October 19, 2015 1 comment

Below a Morrisons USDAW rep gives their personal take on the current pay offer which USDAW is recommending. The Activist believes USDAW members in Morrisons should reject the pay offer and demand that the negotiating committee fight to retain premium payments. Given that companies are due to be forced by the government’s new ‘living wage’ to pay £7.20 an hour  to over 25s (rising to £9) it is entirely possible that over the next few years pay could again be restrained like over the past period with the pay rate hovering slightly above the minimum wage once more. This is why the Activist believes that USDAW should actively support and campaign for the TUC’s demand of a minimum wage for all of £10 an hour.

Retail has historically been low paid. So on the surface USDAW negotiating Morrison’s staff a wage increase from the basic rate of £6.83 to the dizzying heights of £8.20 taking them over the so called living wage, seems like a more than fair deal. The company are paying a good wage, the staff are happier, USDAW has negotiated a good deal for its members…

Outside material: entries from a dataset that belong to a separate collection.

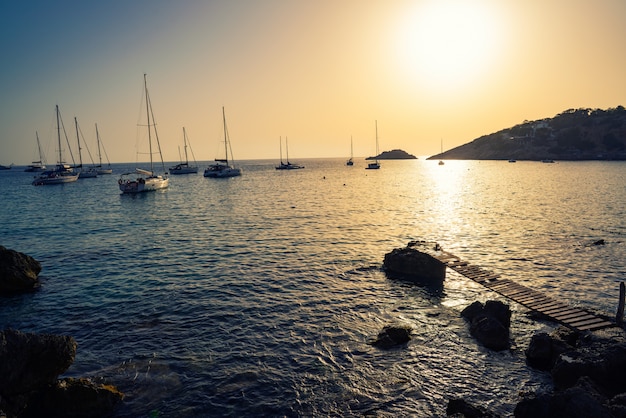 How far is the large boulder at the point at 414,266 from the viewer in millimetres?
24214

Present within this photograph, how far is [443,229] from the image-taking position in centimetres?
4231

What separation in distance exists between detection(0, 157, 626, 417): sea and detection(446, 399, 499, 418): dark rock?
1.84ft

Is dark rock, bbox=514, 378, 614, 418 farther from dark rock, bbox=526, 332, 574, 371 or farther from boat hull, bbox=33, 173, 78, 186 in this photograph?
boat hull, bbox=33, 173, 78, 186

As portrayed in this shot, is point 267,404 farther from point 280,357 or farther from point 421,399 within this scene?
point 421,399

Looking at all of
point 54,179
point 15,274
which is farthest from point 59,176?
point 15,274

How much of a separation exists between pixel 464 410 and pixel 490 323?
6272 millimetres

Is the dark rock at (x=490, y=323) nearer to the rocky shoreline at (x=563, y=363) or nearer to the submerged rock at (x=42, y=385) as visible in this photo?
the rocky shoreline at (x=563, y=363)

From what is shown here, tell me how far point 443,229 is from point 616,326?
26967 mm

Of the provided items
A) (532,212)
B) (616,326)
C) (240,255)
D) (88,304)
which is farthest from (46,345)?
(532,212)

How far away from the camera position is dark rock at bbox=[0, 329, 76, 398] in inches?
418

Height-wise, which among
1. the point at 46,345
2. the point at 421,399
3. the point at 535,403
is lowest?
the point at 421,399

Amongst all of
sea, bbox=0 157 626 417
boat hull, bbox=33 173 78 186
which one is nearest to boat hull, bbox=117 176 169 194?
sea, bbox=0 157 626 417

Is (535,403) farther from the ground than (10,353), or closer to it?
A: closer to it

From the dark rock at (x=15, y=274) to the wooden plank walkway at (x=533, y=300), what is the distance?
27.2m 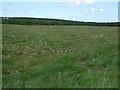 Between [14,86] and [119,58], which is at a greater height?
[119,58]

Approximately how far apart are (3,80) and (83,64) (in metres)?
3.28

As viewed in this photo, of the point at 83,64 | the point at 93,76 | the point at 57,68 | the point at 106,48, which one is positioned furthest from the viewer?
the point at 106,48

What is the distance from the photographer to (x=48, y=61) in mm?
10266

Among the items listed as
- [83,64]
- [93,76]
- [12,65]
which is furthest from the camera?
[12,65]

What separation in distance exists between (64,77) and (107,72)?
1.47 meters

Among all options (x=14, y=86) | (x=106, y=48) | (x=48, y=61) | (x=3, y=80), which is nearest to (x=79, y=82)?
(x=14, y=86)

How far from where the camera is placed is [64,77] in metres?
7.47

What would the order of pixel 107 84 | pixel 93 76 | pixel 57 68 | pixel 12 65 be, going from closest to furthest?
pixel 107 84 → pixel 93 76 → pixel 57 68 → pixel 12 65

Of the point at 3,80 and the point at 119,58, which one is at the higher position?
the point at 119,58

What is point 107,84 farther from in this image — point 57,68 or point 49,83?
point 57,68

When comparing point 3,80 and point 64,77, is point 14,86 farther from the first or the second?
point 64,77

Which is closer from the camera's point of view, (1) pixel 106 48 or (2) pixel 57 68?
(2) pixel 57 68

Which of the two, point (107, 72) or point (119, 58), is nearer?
point (107, 72)

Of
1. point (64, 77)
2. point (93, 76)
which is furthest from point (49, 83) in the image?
point (93, 76) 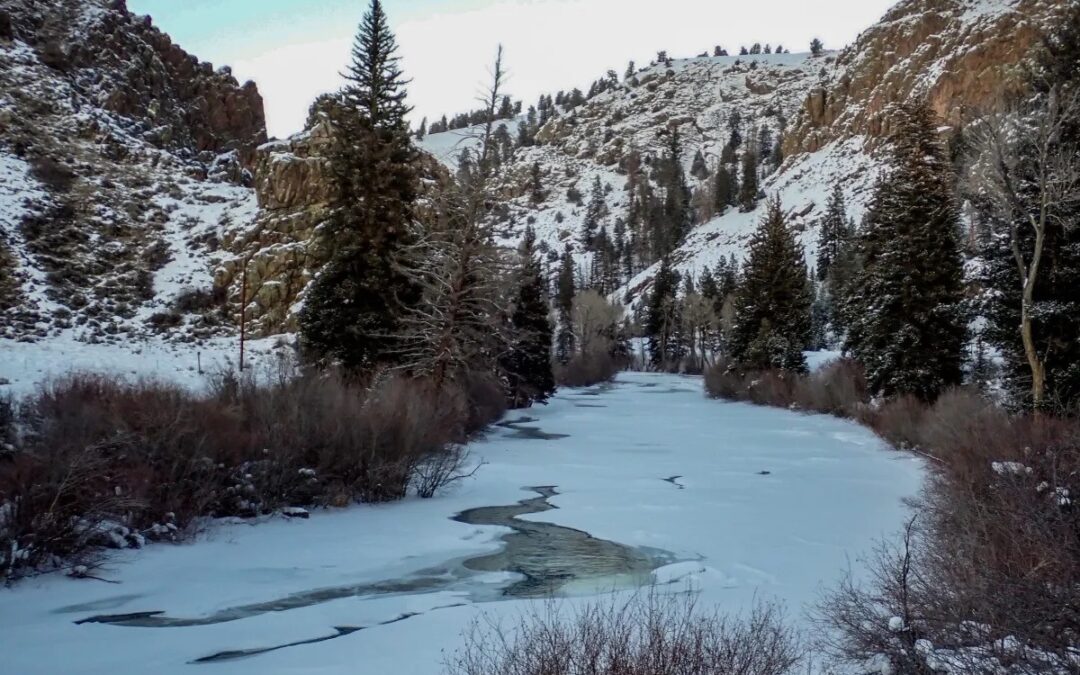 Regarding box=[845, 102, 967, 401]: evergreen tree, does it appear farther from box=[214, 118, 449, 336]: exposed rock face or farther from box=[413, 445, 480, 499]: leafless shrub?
box=[214, 118, 449, 336]: exposed rock face

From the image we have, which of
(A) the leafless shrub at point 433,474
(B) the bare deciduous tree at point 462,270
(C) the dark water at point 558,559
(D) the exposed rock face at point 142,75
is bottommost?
(C) the dark water at point 558,559

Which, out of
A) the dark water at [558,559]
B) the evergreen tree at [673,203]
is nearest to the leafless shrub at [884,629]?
the dark water at [558,559]

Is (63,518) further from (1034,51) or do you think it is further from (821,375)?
(821,375)

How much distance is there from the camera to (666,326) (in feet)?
263

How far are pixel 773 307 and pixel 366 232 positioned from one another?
26.8m

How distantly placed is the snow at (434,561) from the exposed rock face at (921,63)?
70326 millimetres

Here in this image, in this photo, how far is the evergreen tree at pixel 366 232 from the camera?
20.8 metres

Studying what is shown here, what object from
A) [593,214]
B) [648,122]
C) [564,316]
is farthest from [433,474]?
[648,122]

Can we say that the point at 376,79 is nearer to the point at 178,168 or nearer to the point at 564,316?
the point at 178,168

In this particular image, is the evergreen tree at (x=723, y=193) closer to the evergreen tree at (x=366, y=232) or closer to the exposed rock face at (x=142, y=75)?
the exposed rock face at (x=142, y=75)

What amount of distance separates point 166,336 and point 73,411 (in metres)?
30.2

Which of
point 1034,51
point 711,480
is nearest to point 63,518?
point 711,480

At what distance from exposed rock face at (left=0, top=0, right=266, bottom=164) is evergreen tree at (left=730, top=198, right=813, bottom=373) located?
42.9 m

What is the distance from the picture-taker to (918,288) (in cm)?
2408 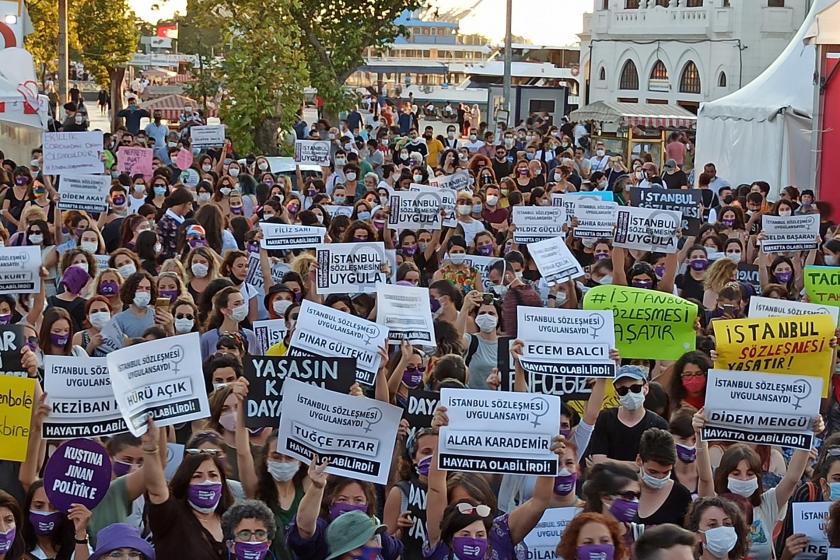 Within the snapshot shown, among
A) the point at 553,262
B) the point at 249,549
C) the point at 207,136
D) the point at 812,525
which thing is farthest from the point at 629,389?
the point at 207,136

That is about as much coverage if any that you will hear about in mainstream media. The reality is a stark double edged sword. The new wage deal sees the end of the company’s Sunday premium currently paid at time and a half, quite ironic when USDAW ‘The Campaigning Union’ who organise predominately in the retail sector, are fighting the governments propositions to deregulate Sunday Trading, yet are trading away Morrison’s Sunday premium. Are they not in fact preparing for it becoming a normal working day? Or in fact accepting it already is one?

The Sunday premium isn’t where it ends. Overtime, late and early premiums are being scrapped. Forklift drivers and café cooks will see there supplements disappear. People who started with the company after December 2013 will only receive service rewards at 5 year intervals, although people who have worked for the company since before that date won’t be effected and still receive it every year (for people who started work prior to December 2013, they have to work 5 years before they can claim their first service reward). Finally but my no means the smallest in this wage offer, paid breaks will disappear taking the working week down to 36.5 hours (39 hours minus paid breaks).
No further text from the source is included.